= Carl Pope (environmentalist) =

Former Sierra Club executive

Carl Pope is the former executive director of the Sierra Club, an American environmental organization founded by conservationist John Muir in 1892. Pope was appointed to his position as executive director in 1992, and served until January 20, 2010, when he was succeeded by Michael Brune. Pope then served as chairman of the Sierra Club until stepping down from that position in November 2011. He has served as the senior climate advisor to former New York City Mayor and 2020 presidential candidate Michael Bloomberg since 2017.

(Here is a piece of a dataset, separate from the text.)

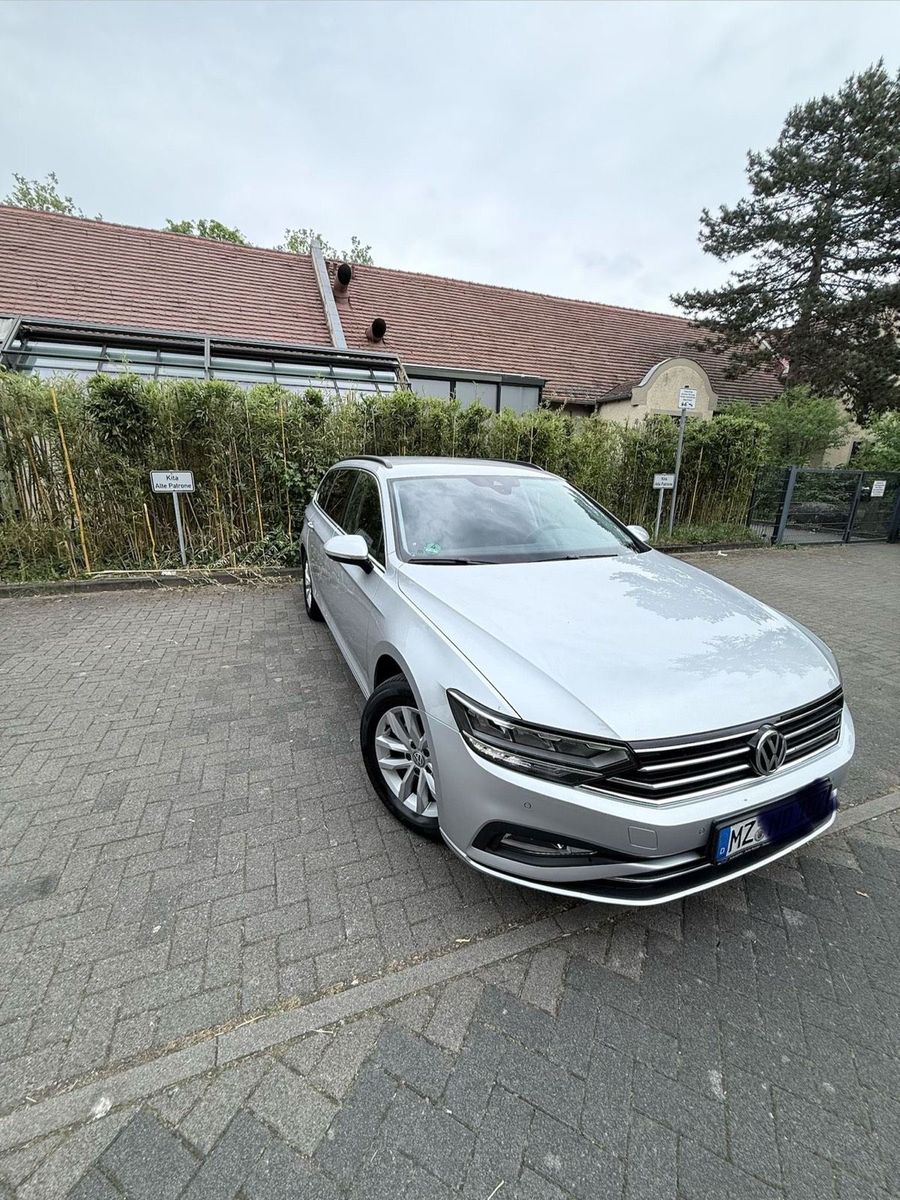 VW Volkswagen Passat Variant 2.0 TDI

Pope had worked with the Sierra Club for more than 30 years, and has served as a board member for other organizations, including the National Clean Air Coalition, California Common Cause, and Public Interest Economics Inc. He has served as Political Director for Zero Population Growth. He was a Peace Corps volunteer in India from 1967 to 1969.

In 2008, Pope expressed support for the Pickens Plan, an effort by T. Boone Pickens to reduce America's dependence on foreign oil. Pickens, a billionaire oil investor, Republican, and financier of conservative causes, took Pope to his ranch in west Texas, where Pickens and a group of investors plan to invest $12 billion in wind turbines.

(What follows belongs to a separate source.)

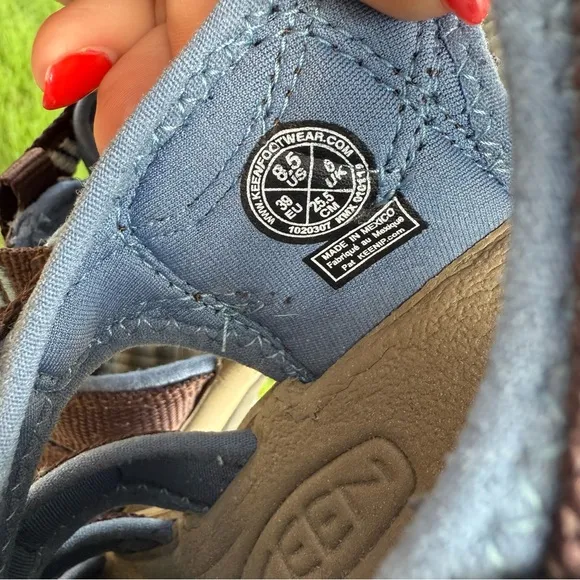 Keen Women’s Newport H2 Brown and Blue Water Sandals 8.5 US Women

He graduated from Harvard College in 1967.

== Bibliography ==
Pope's first book, Sahib: An American Misadventure in India, was published by Liveright in 1972.

In 2004 he published a book with Paul Rauber called Strategic Ignorance: Why the Bush Administration Is Recklessly Destroying a Century of Environmental Progress.

On April 18, 2017, Pope published a book with Michael Bloomberg on titled Climate of Hope: How Cities, Businesses, and Citizens Can Save the Planet. He appeared on The Daily Show with Trevor Noah with Bloomberg on May 3 to promote the book.